ホーム / Romance / AMADA ESPOSA ¡PERDÓNAME! / Capítulo 2. El dolor de ser traicionado.

共有

Capítulo 2. El dolor de ser traicionado.

作者: Jeda Clavo
last update 公開日: 2023-03-01 06:04:59

Erika salió de allí sintiendo la sensación más dolorosa del mundo. Nunca creyó ser traicionada por el hombre que amaba y menos por su propia hermana.

Se dio cuenta de que toda su vida había sido una farsa, sus palabras de amor, sus noches de pasión, sus atenciones, sus sonrisas, todo era mentira, no podía creer cómo fue capaz de fingir de manera perfecta, era el mejor actor en esa comedia, porque ella le creyó todo.

Lo peor de ese golpe, es la sorpresa cómo llega porque jamás lo sospechó.

Se subió al auto y apretó el volante hasta que los nudillos de las manos se le pusieron blanco, en ese momento entendía la frase “Ser atravesada por un rayo”, porque de esa manera se sentía, como si alguien hubiera lanzado sobre no un rayo, si no una espada filosa atravesando todo su cuerpo.

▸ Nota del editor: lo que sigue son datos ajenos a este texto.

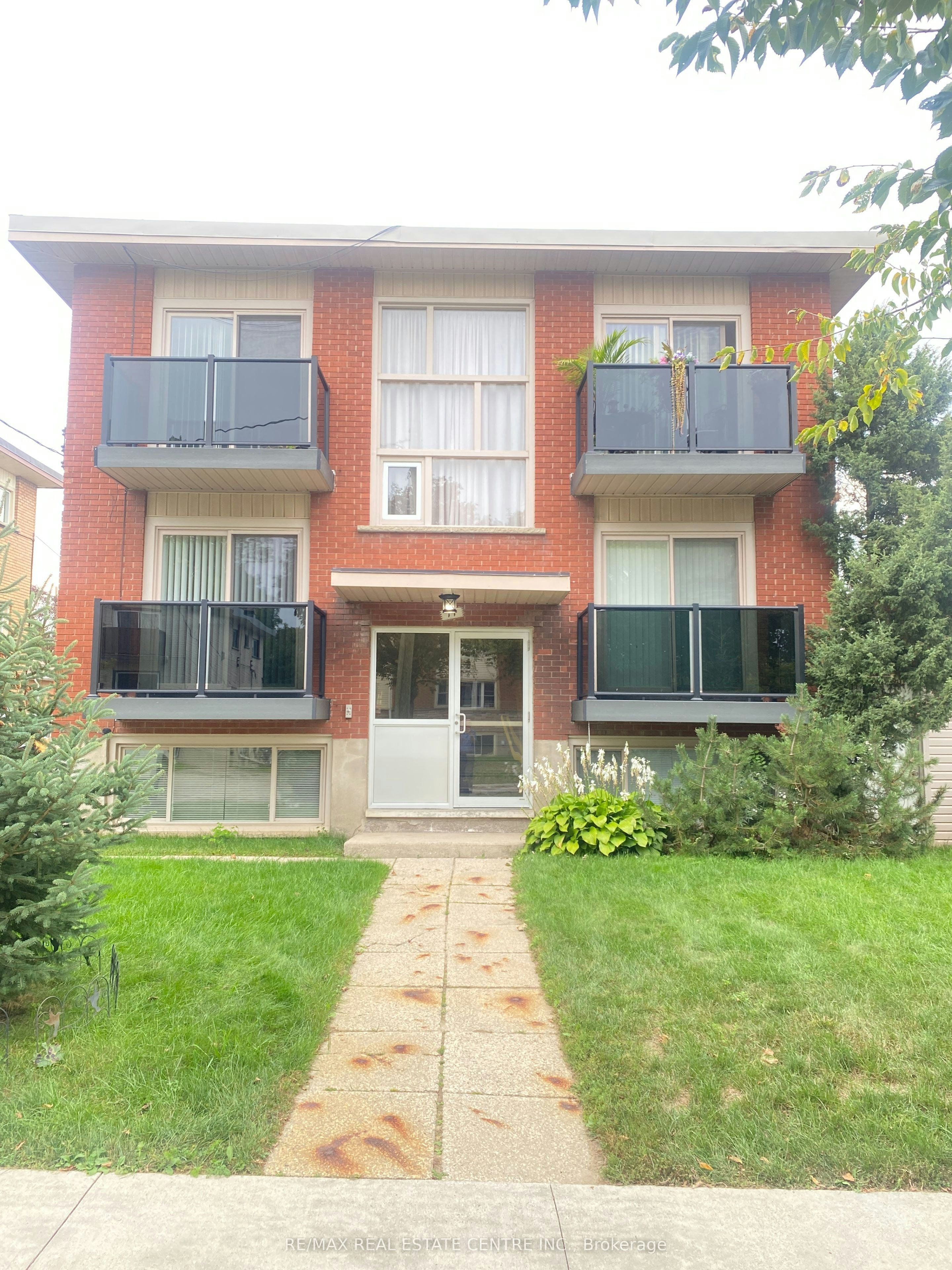3-11 Southdale Avenue, Kitchener, ON, N2M 3V4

No pudo evitar las lágrimas mientras sonoros gemidos salían de sus labios. Arrancó el auto y sincronizó la radio al ritmo de “El último adiós” de paulina Rubio. Preguntándose a ¿Dónde podía ir ahora? ¿Qué haría? ¿Dónde comenzar? Cuando había dejado todos sus sueños a un lado para ir tras los sueños de Julián, se negó a sí misma para estar con él.

—¿Qué estúpida fuiste Erika? Dejaste de vivir por ti para que él cumpliera sus sueños —se dijo en voz alta mientras el dolor la atravesaba por dentro como un agudo puñal.

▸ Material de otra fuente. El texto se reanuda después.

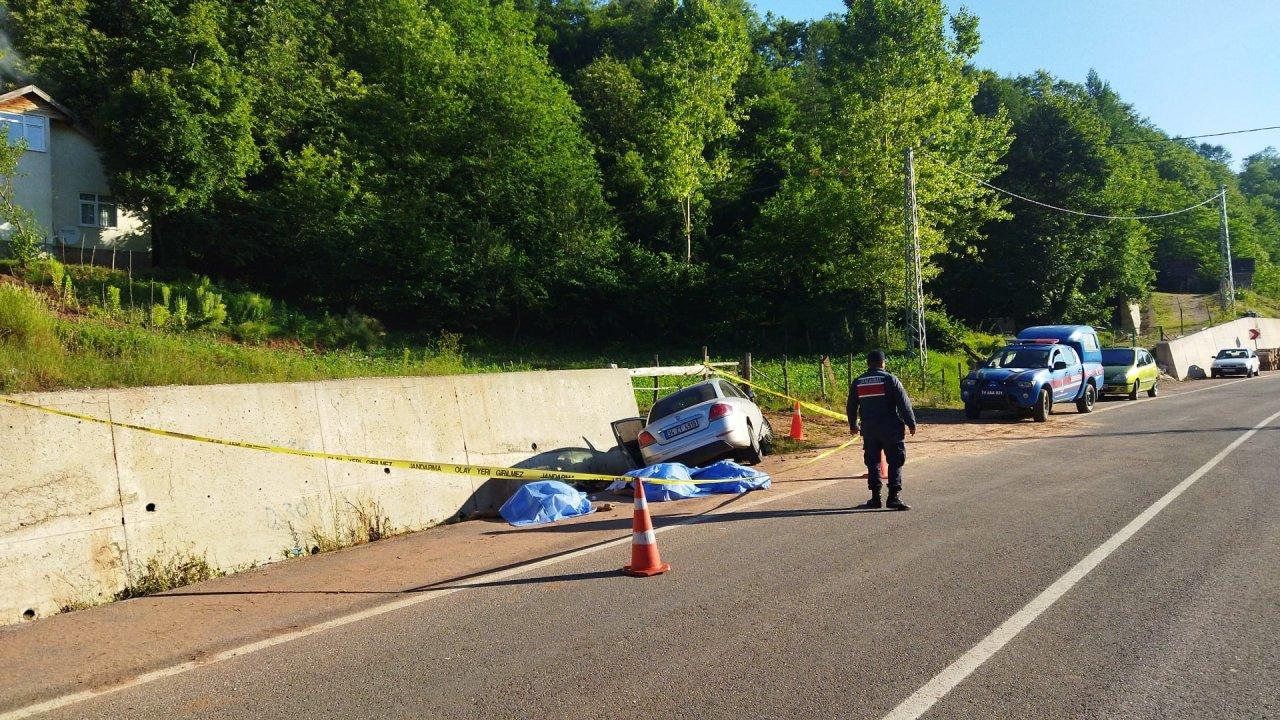 Köylerine 3 km kala kazada öldüler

Las lágrimas empañaron sus ojos mientras manejaba sin rumbo fijo. Sabía que debía detenerse porque podía accidentarse, pero no podía, quería poner distancia con esos seres que le habían hecho tanto daño.

—Mi propia hermana, por la que me desprendí de tanto para dárselo a ella, a la que aún siendo yo una niña, la cuidé con amor —no podía creer que la maldad de Elisa llegara a tanto.

Recorrió por mucho tiempo la carretera, cada segundo Erika aceleraba más, como si quisiera acabar con su propia vida, no era para menos, sentía el peso del mundo sobre sus hombros.

En un momento, apretó un botón y el techo del auto se separó, no le importó que estaba lloviendo, sus lágrimas se mezclaron con la lluvia, desdibujando el mundo fuera de su coche.

Condujo de forma temeraria, más rápido de lo que había conducido nunca. El viento le agitaba el pelo de un lado a otro, mientras el coche subía y bajaba por las sinuosas carreteras.

Su pie se sentía como plomo en el pedal, empujando el coche aún más rápido.

De repente, los neumáticos del coche empezaron a patinar y Erika supo que había ido demasiado lejos. Frenó en seco, pero el auto no se detuvo, intentó poner el freno de mano, pero tampoco lo logró.

El miedo se apoderó de ella, y aunque momentos antes pensaba que esa era la mejor salida, ya no estaba tan segura, pensó en su hijo, en el eco que se había hecho ese mismo día y negó con la cabeza.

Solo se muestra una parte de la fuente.